Por el Prof. Juan Carlos Sánchez
Tuve un nacimiento poco proletario. Fue el 5 de septiembre de 1963 en la afamada Clínica López, ubicada en la Avda. Belgrano, en donde hoy día se encuentra la sede de la Obra Social del Personal de la Construcción (OSPECON). No obstante, mi fecha en los documentos es el 8 de septiembre gracias a un chiste de gallegos: mi padre se olvidó de pagar a la institución sanitaria y tampoco quería pagar la multa por la inscripción de mi ingreso a este mundo fuera de fecha. De esta cuestión, me entero de boca de mi madre quien me la contó años más tarde. Primera complicación que me obligó a utilizar la fecha del 5 como cumpleaños autopercibido. Nunca la pude modificar por cuestiones legales y además ello suponía cambiar todos los documentos escolares y personales. Pero no sería la última…
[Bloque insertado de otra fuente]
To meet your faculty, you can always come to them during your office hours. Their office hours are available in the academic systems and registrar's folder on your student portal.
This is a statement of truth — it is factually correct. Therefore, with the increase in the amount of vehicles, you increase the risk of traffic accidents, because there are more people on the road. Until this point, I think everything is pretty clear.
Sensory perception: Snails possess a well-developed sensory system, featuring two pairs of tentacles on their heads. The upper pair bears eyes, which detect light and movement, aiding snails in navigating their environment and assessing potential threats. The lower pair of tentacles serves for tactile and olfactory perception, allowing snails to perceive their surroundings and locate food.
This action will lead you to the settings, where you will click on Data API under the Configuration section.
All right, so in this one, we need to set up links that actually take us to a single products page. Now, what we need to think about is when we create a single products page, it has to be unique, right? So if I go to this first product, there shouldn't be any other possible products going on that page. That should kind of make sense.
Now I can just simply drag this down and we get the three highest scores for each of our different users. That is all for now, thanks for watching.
Sin embargo, me crié en el Barrio Rojo, en La Paternal. Barrio obrero en ese tiempo y posteriormente de clase media baja. Mi padre se llamaba Manuel Sánchez García y mi madre, Isabel Rodríguez Méndez; uno, gastronómico con aspiraciones burguesas y otra, trabajadora a destajo como pantalonera de medida fina para una sastrería de la calle 25 de Mayo en pleno centro de la Ciudad. Fuí, soy y seré inquieto y rebelde. Todavía me acuerdo del techo de chapa, el lugarcito que nos dejó mi abuelo paterno, en donde hacía frío en invierno y mucho calor en verano. Ni se imaginan el frío que tenía al bañarme mi madre en época invernal. Ponía la gran palangana y meta a rociarme con agua caliente, luego entibiada… En verano, no me hacía problemas. También estaba el amplio patio que supo albergar pájaros y el merodeo de gatos por los techos. De allí que me sienta encerrado en un departamento como hoy vivo.
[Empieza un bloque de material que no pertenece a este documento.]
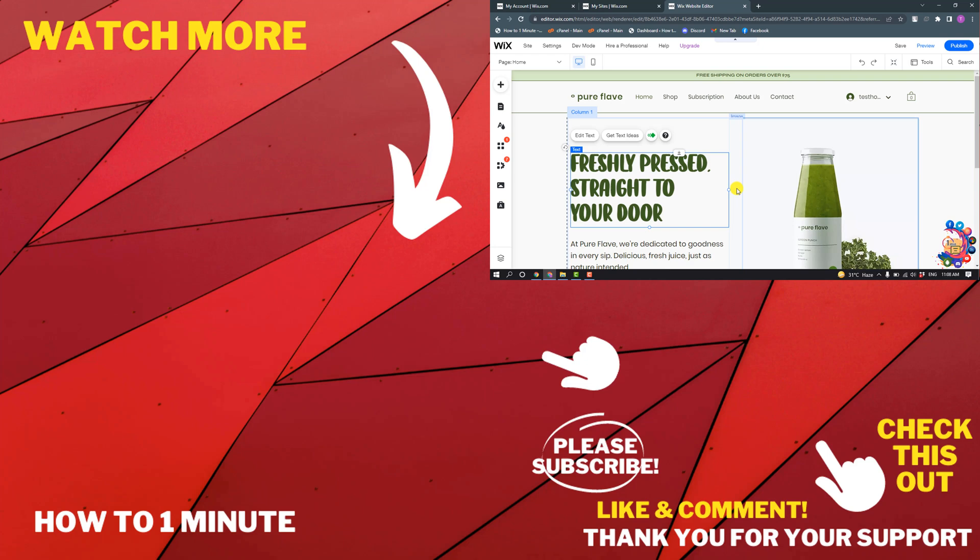So this was how we can add fonts to Wix. If you have any questions, feel free to post in the comments. If you want to see more WordPress videos, please check the links in the description. If this video helped you, give a thumbs up and please consider subscribing to How to One Minute. Thank you for watching.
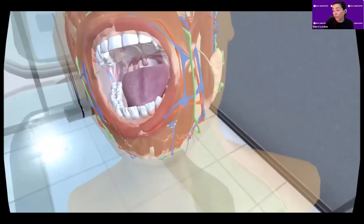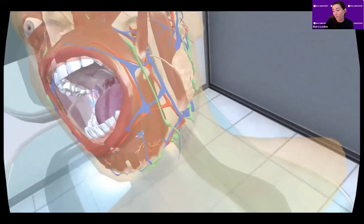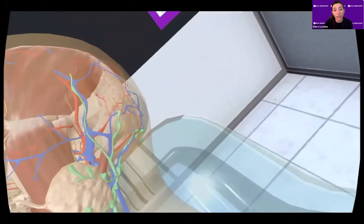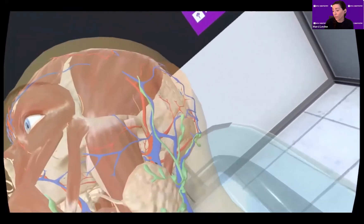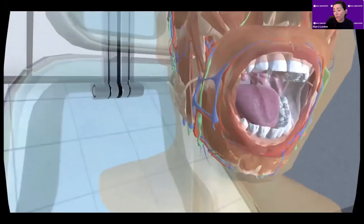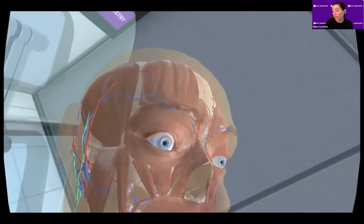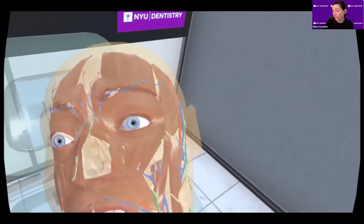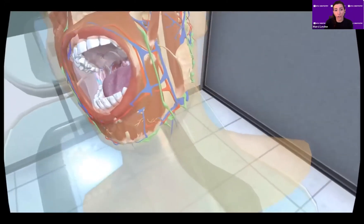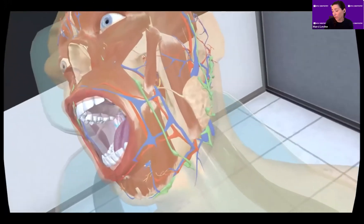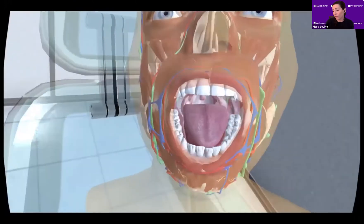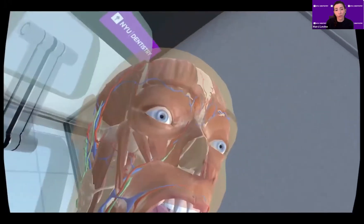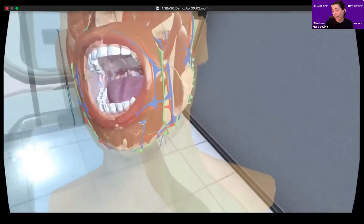The hands you see represent the student's hands. The module includes detailed layers of anatomy, and students can control the layering themselves with the hand controllers. Some anatomical structures can be labeled in this module, but for a more thorough review of head and neck anatomy, we will use a commercial 3D anatomy atlas.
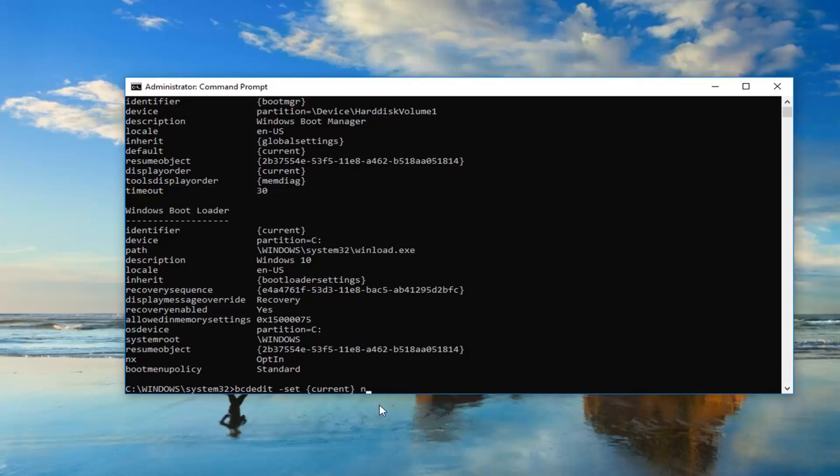And then type in nointegritychecks. And this is all one word. So nointegritychecks. After the end brackets, nointegritychecks, all one word. It's very important.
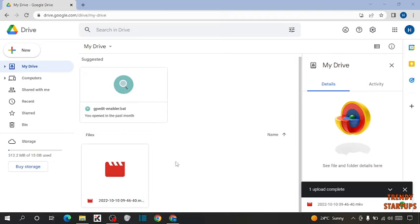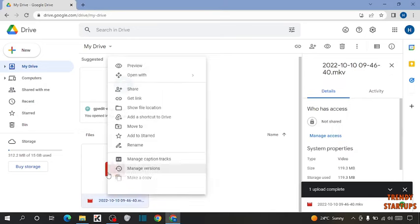Here you can see our video has been uploaded. To share the link of this video, simply right-click on it. You can see the option of share. Click on share.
Al poco tiempo, mi mamá se dió cuenta que algo no andaba bien en mí. Y empezó la recorrida por médicos, psicólogos y psiquiatras para saber el porqué de mi conducta. Irritable, ya me habían echado del Colegio Claret por pegarle un planchazo a un compañero. Era y soy de pocas pulgas. Luego, me llevaba a otros colegios para tratar de comenzar mi jardín de infantes mientras paseaba con mi madre por todos los consultorios habidos y por haber. Segunda complicación, que llevaría tiempo superar.
Algo curioso me pasaba. Me encerraba con revistas y diarios viejos en el baño, mientras hacía mis necesidades. Así, aprendí solito a leer a los 4 años. No hizo falta maestra que me enseñara las letras. Pero el carácter podrido seguía…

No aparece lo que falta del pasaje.